[EXERCISE DETAILS] Restate word for word the section of the entries that opens at the line containing "2-этажный коттедж 817 м² с отделкой" and closes at the line containing "RIVER SIDE MEADOWS - Residential", both lines kept, pictures dropped.

[DATA]

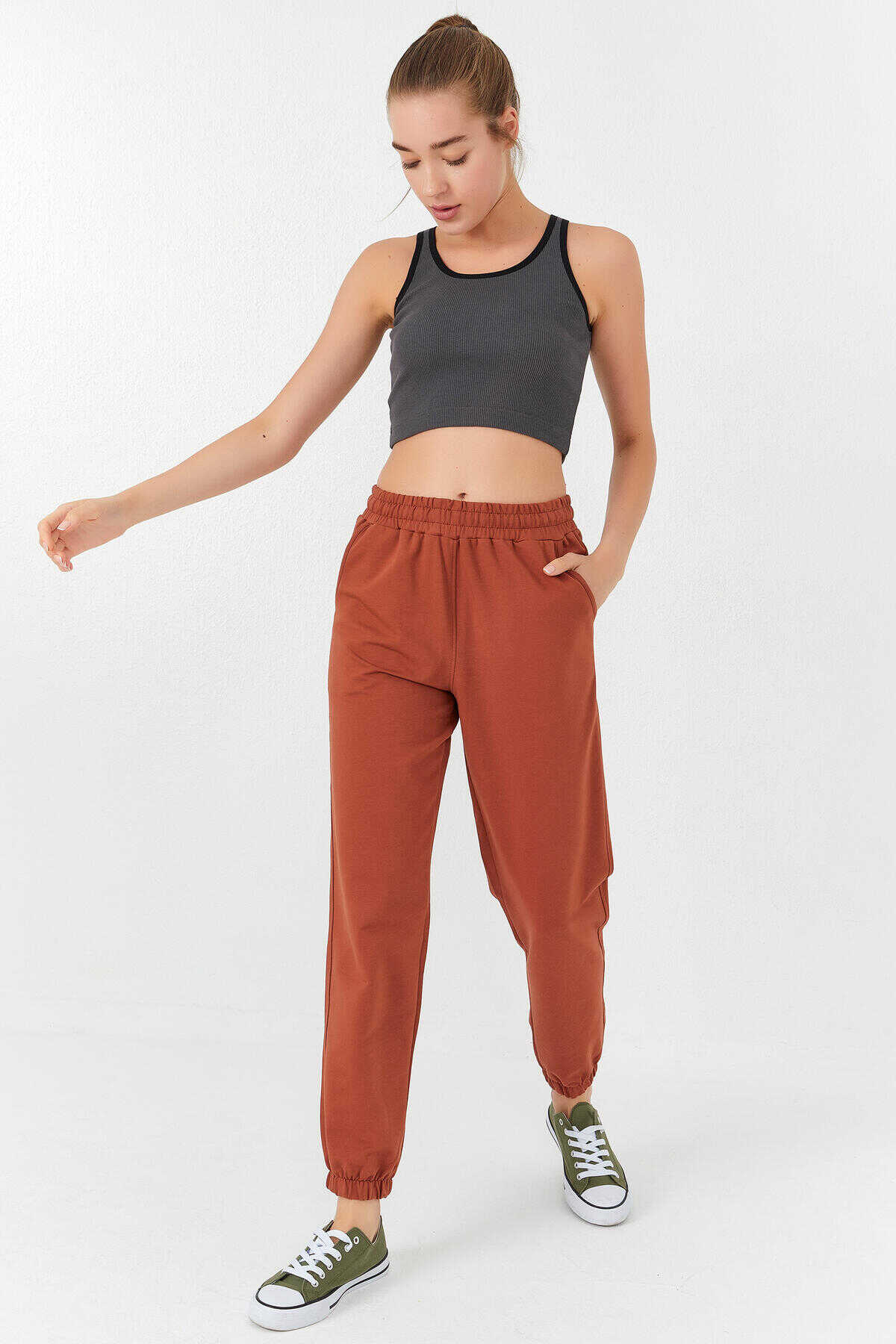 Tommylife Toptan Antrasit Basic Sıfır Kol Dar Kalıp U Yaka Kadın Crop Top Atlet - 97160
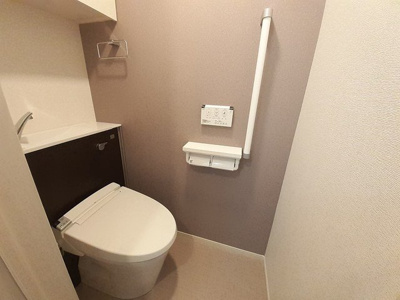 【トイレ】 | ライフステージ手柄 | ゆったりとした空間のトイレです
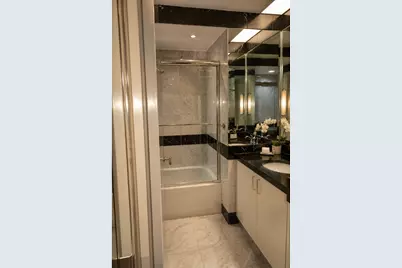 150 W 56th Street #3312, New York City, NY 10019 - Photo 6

---

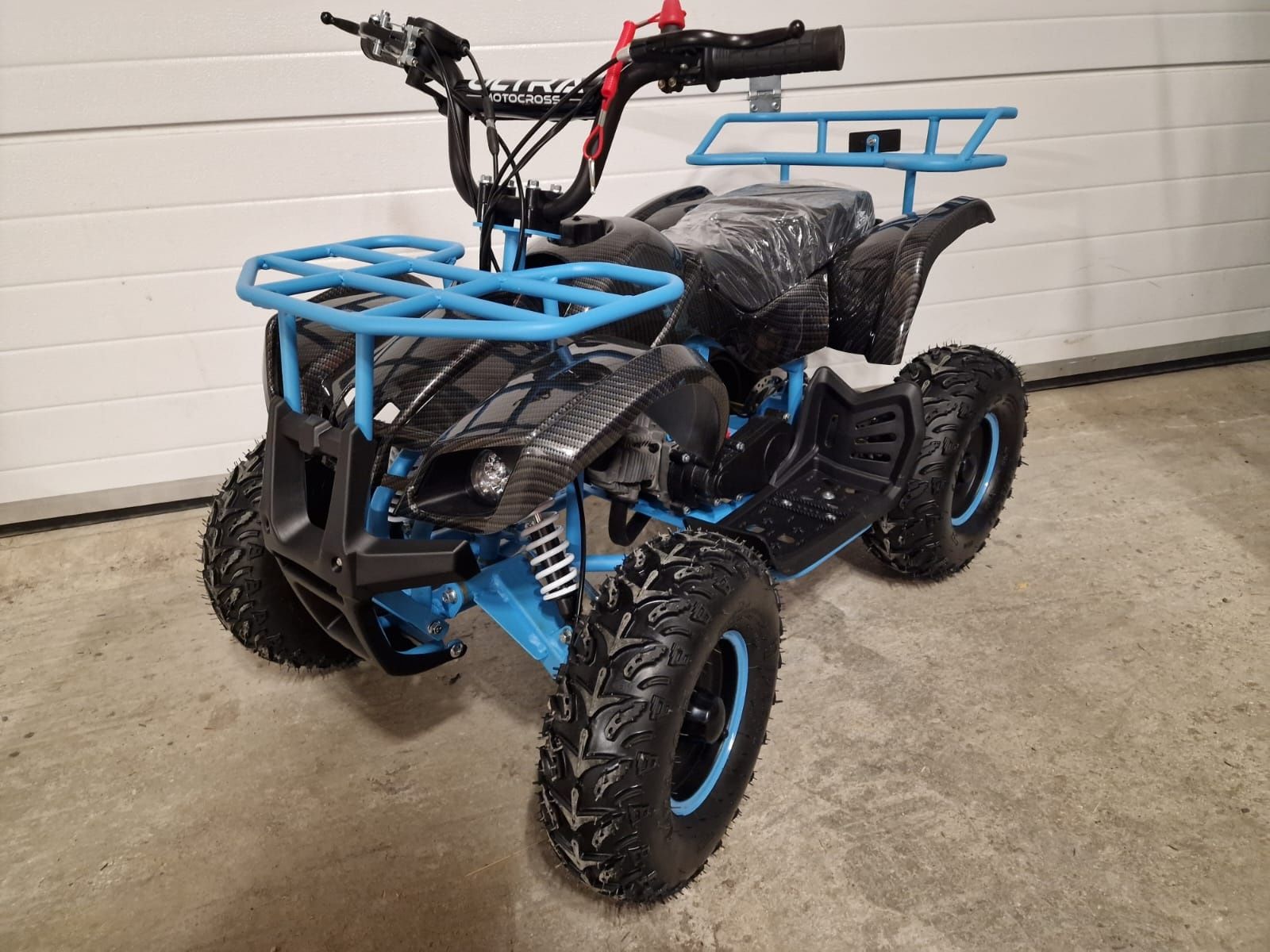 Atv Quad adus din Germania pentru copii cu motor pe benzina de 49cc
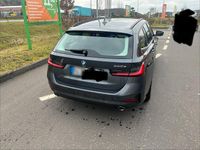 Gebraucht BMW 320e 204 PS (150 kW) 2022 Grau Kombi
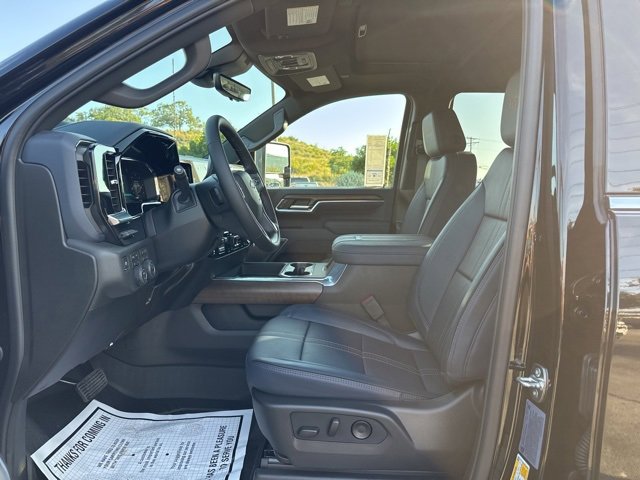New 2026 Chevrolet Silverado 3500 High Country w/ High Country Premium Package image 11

--

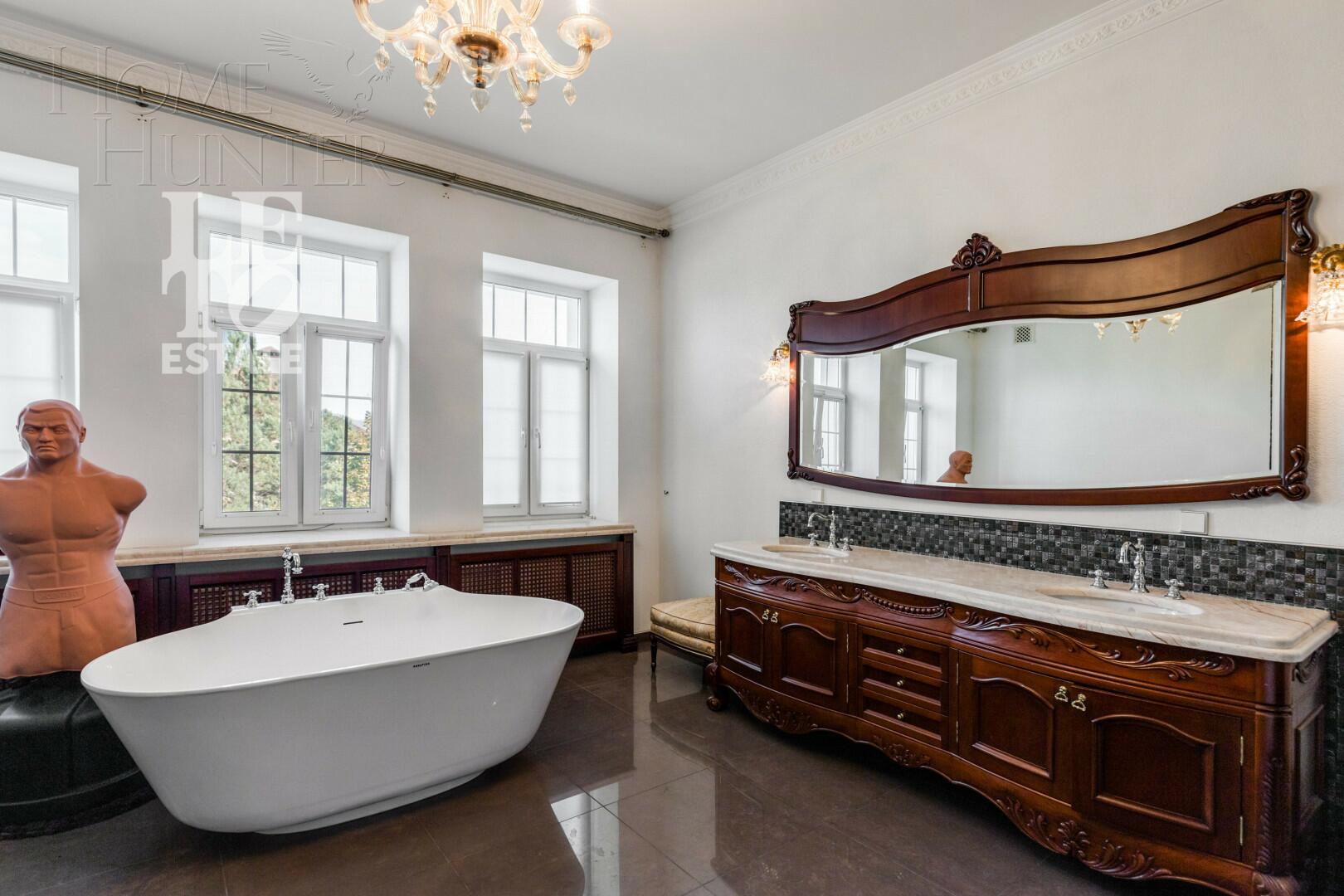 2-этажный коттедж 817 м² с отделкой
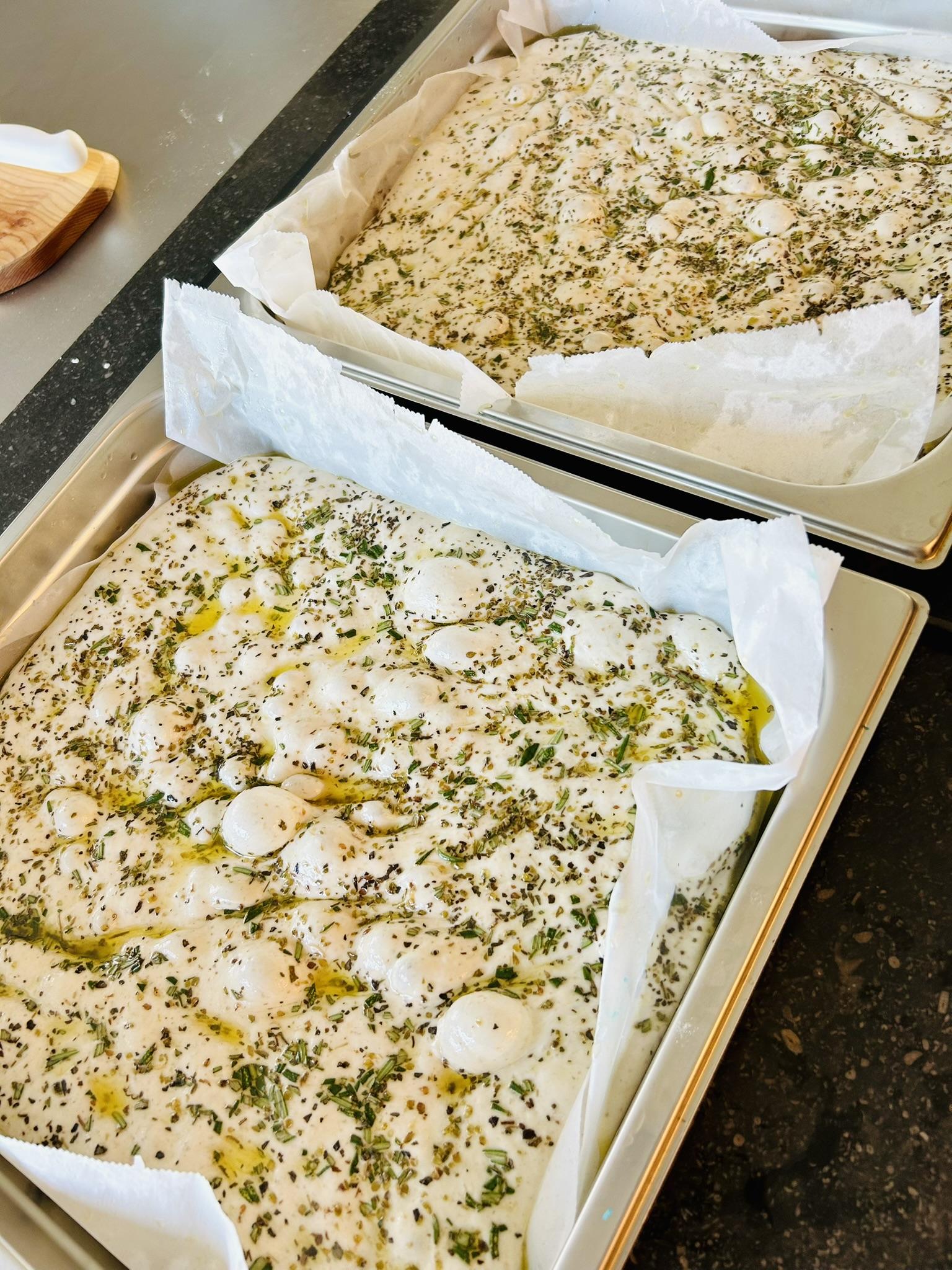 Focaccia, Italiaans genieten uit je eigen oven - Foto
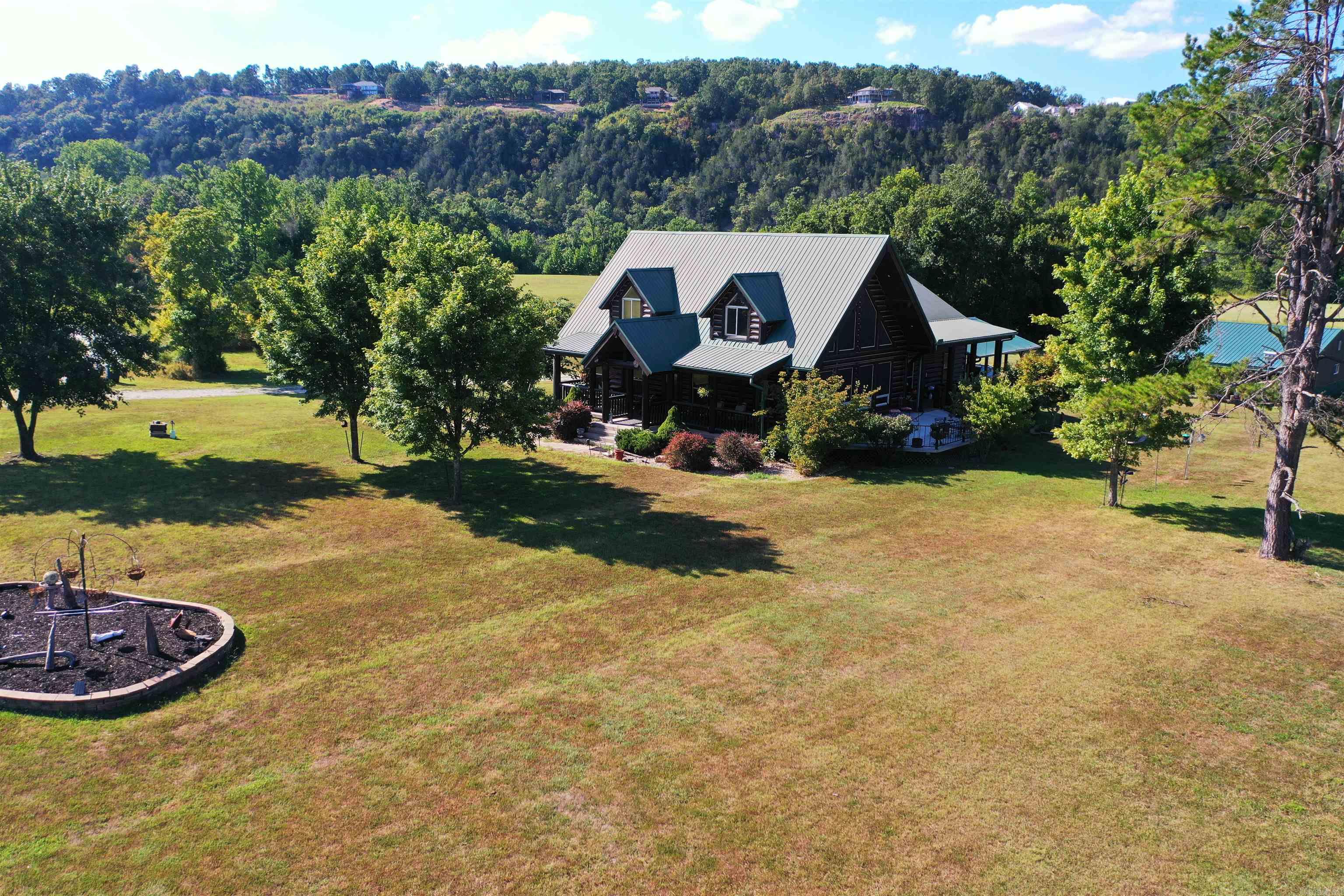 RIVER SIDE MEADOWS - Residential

[RESPONSE]
 2-этажный коттедж 817 м² с отделкой
 Focaccia, Italiaans genieten uit je eigen oven - Foto
 RIVER SIDE MEADOWS - Residential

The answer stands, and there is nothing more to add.